Rights Groups Groan As Uganda Bolsters AIDS Stigma
It seems straightforward enough; Uganda’s legislators passed a law on Tuesday called the HIV Prevention and Control Act that makes pregnant mothers and their mates submit to blood tests and criminalizes those who willfully pass on HIV to others.
But several non-governmental offices in Uganda, like Human Rights Watch, the Health Global Advocacy Project (GAP), and the Uganda Network on Law, Ethics and HIV/AIDS, immediately sounded the alarm about the measures, which they say will only make life worse for those in Uganda already suffering from HIV or AIDS.
“For Uganda to address its HIV epidemic effectively,” said Dorah Kiconco of the Uganda Network on Law, Ethics and HIV/AIDS in a statement on the HRW website, “it needs to partner with people living with HIV, not blame them, criminalize them, and exclude them from policy-making. The president should not sign this bill and instead ensure a rights-based approach, recognizing that people living with HIV will prevent transmission if they are empowered and supported.”
President Yoweri Museveni has three months to sign the legislation into law, according to the BBC.
Those who criminally pass on the HIV virus would be subject to a $1,900 (USD) fine under the new legislation. In addition to pregnant women and their partners being required to take a blood test, medical practitioners would be allowed to tell anyone they’d like about a person’s status as either HIV-positive or HIV-negative.
The president of the Uganda Medical Association, Margaret Mungherera, told the BBC that the country had made strides to de-stigmatize HIV and AIDS, only to see those advances eroded by this new legislation.

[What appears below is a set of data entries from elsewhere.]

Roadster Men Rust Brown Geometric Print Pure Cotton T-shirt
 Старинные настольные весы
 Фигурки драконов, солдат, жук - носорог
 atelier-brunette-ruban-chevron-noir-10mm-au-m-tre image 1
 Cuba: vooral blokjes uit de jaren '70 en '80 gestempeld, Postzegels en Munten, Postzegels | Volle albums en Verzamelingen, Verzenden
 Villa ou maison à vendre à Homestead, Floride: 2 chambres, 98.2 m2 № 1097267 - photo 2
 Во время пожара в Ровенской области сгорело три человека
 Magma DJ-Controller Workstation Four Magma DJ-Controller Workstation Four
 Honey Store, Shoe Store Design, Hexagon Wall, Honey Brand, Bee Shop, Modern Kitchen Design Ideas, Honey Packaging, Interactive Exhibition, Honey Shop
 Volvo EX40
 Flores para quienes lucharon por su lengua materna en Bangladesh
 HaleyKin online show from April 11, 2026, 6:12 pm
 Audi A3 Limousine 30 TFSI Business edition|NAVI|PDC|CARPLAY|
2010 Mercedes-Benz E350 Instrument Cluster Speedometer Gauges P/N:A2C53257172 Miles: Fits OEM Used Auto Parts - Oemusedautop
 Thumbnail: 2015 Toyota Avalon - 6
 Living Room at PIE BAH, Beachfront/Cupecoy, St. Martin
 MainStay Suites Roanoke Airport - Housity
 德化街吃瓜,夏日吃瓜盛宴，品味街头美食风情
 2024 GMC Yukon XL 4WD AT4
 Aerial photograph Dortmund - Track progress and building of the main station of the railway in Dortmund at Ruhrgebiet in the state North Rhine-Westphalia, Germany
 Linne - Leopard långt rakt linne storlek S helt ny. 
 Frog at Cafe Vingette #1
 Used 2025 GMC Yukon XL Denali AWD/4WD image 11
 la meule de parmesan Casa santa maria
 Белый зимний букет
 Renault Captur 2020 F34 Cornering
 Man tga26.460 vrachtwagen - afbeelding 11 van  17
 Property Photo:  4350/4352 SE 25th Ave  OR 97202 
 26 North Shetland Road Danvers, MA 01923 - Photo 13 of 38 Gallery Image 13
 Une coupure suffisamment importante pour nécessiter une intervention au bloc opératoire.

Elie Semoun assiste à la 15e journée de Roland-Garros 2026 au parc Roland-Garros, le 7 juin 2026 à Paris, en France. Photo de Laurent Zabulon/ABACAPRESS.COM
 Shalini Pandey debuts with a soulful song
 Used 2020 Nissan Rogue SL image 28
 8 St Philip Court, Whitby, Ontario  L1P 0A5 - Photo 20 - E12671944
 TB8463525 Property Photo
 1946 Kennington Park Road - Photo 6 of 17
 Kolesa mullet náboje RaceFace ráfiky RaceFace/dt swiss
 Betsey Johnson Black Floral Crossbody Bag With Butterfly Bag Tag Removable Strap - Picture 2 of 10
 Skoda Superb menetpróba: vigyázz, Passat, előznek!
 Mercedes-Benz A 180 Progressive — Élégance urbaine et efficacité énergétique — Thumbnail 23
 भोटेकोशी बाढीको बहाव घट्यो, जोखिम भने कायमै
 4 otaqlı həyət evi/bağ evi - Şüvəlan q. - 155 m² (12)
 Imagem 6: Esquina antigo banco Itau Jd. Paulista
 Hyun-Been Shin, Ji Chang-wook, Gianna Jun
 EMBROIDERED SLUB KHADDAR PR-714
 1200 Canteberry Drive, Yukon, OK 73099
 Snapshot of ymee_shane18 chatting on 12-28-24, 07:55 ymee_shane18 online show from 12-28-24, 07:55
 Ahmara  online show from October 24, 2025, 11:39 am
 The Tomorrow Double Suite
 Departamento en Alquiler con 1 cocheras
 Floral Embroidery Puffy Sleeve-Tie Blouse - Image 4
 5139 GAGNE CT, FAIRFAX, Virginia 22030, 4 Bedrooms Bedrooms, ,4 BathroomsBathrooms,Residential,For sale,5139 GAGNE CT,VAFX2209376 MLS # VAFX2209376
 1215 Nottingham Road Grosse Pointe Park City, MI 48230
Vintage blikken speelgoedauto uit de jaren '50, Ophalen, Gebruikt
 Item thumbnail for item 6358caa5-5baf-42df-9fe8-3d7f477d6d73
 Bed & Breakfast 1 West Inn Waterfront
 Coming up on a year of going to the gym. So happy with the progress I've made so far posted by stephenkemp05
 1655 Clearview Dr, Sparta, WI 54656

“We have spent time telling people to channel their energies into making sure that they get tested, and if positive get treatment, and live productive lives,” Mungherera said. “We have told them it’s pointless to focus on who infected whom. This law is going to reverse all that.”
Ugandans in support of the legislation claim that the measures would further protect female sexual partners from being infected by men who might forget to mention in their pick-up lines the part about being HIV-positive. It’s this type of aggressive stance against HIV/AIDs, these same supporters say, that’s pushed Uganda’s HIV infection rate from its high of 30 percent of the population two decades ago back down to below 10 percent again.
Those against the current tactic, however, believe that numbers could start rising yet again because of the stigma it reasserts.
“This HIV bill is yet another step backward in the fight against AIDS in Uganda,” says Human Rights Watch senior Africa researcher Maria Burnett in the HRW statement. “It is founded on stigma and discrimination and based on approaches that have been condemned by international health agencies as ineffective and violating the rights of people living with HIV.”
Added Asia Russell, an international policy director at Health GAP: “At the upcoming international AIDS conference, Uganda will be the example to all the countries gathered of how not to write laws on the HIV response. Parliamentarians are doing precisely the opposite of what Uganda should be doing to fight HIV.”
Much is at stake. According to the American Foundation for AIDS Research (amFAR), more than 35 million people are now living with HIV or AIDS worldwide. Of those, 70 percent live in Sub-Saharan Africa.